**ASSIGNMENT:** Each line in the material below must be transcribed exactly; no picture belongs in the copy.

**RECORDS PROVIDED:**
******************************

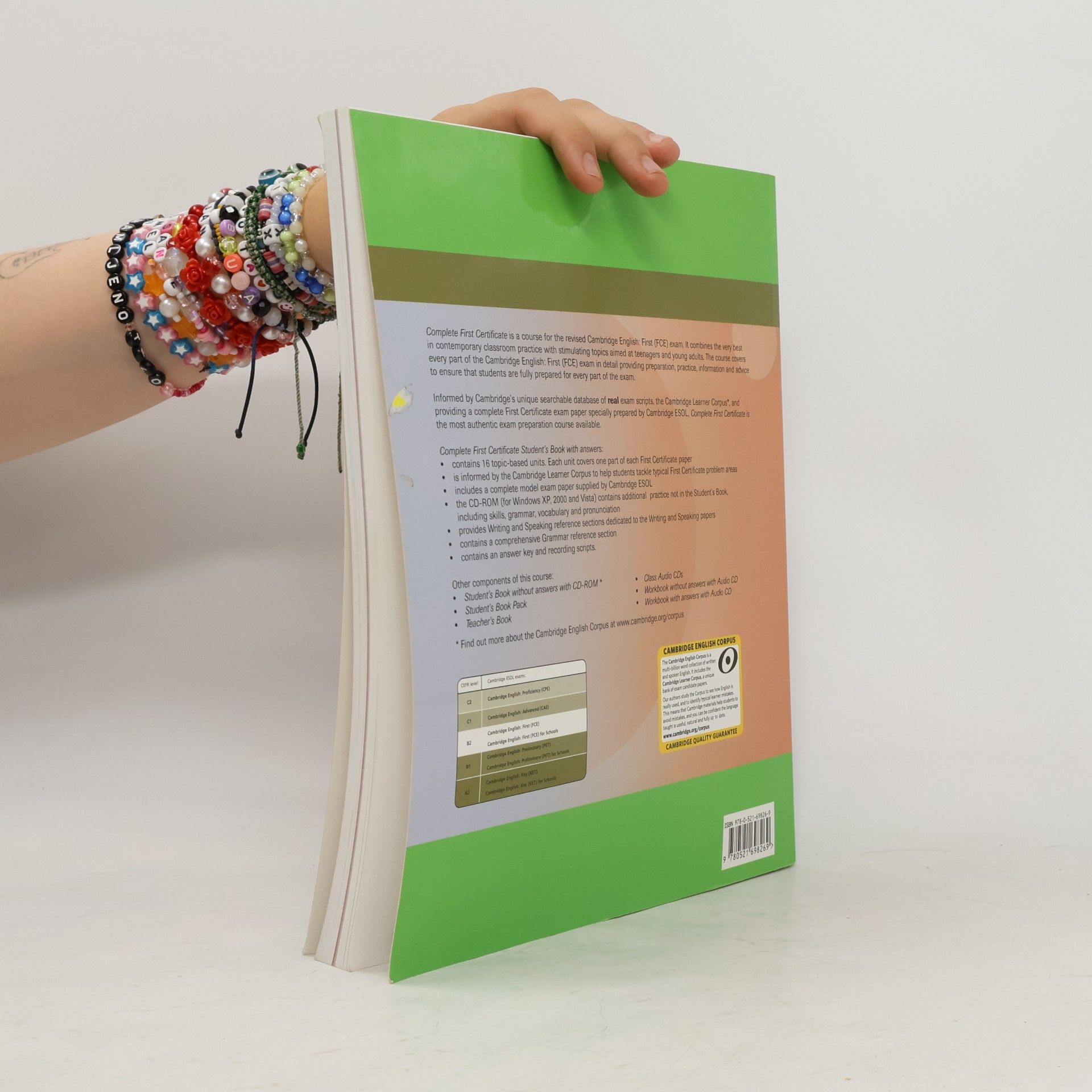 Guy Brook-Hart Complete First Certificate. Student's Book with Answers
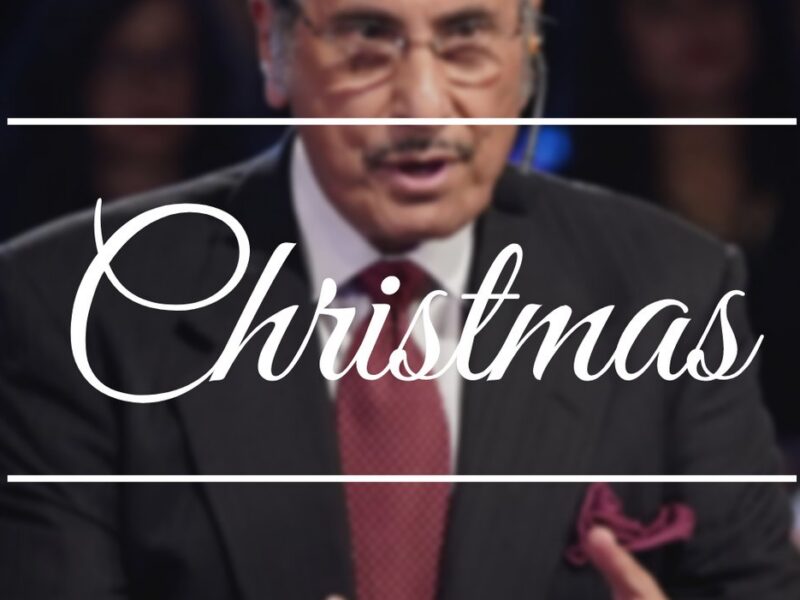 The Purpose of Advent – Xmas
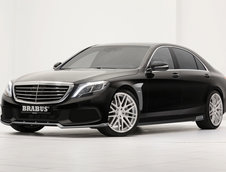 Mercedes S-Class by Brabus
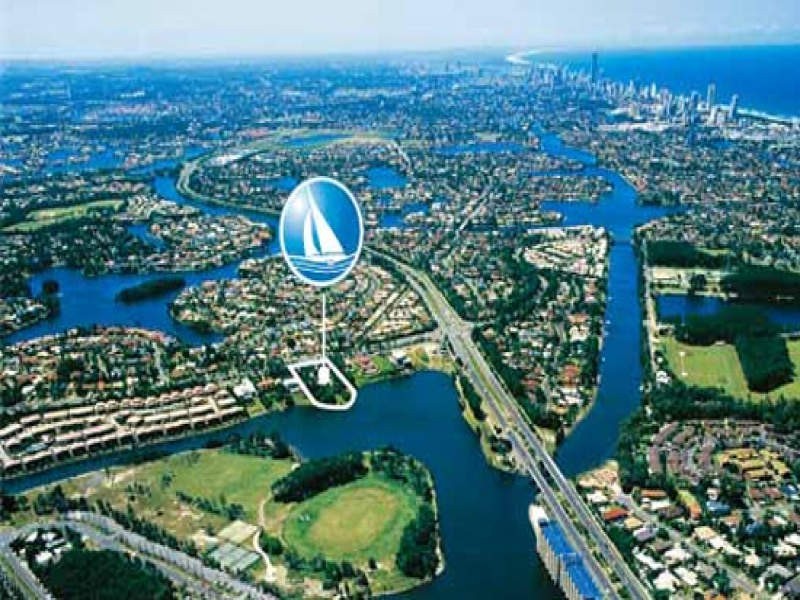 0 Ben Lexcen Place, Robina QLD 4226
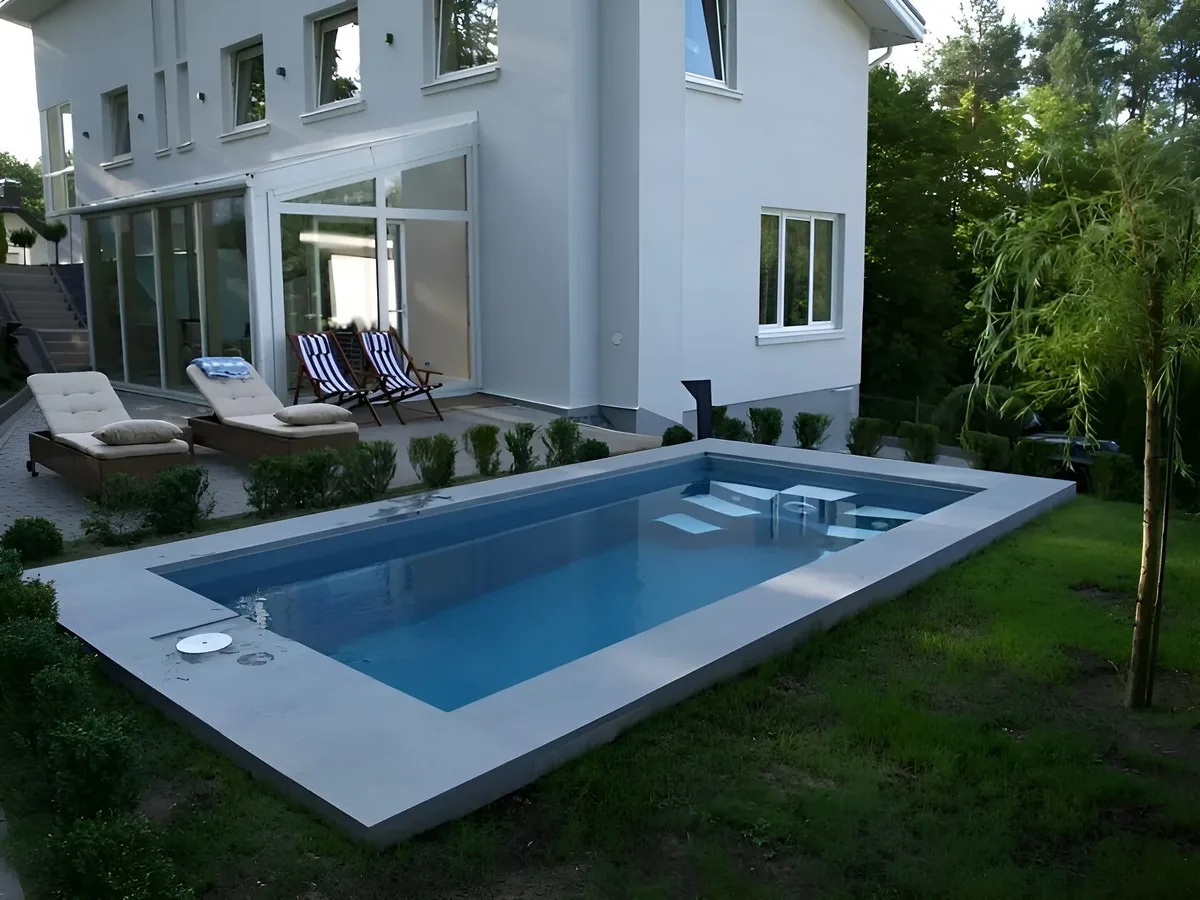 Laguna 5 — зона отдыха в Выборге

******************************

**FINISHED EXERCISE:**
 Guy Brook-Hart Complete First Certificate. Student's Book with Answers
 The Purpose of Advent – Xmas
 Mercedes S-Class by Brabus
 0 Ben Lexcen Place, Robina QLD 4226
 Laguna 5 — зона отдыха в Выборге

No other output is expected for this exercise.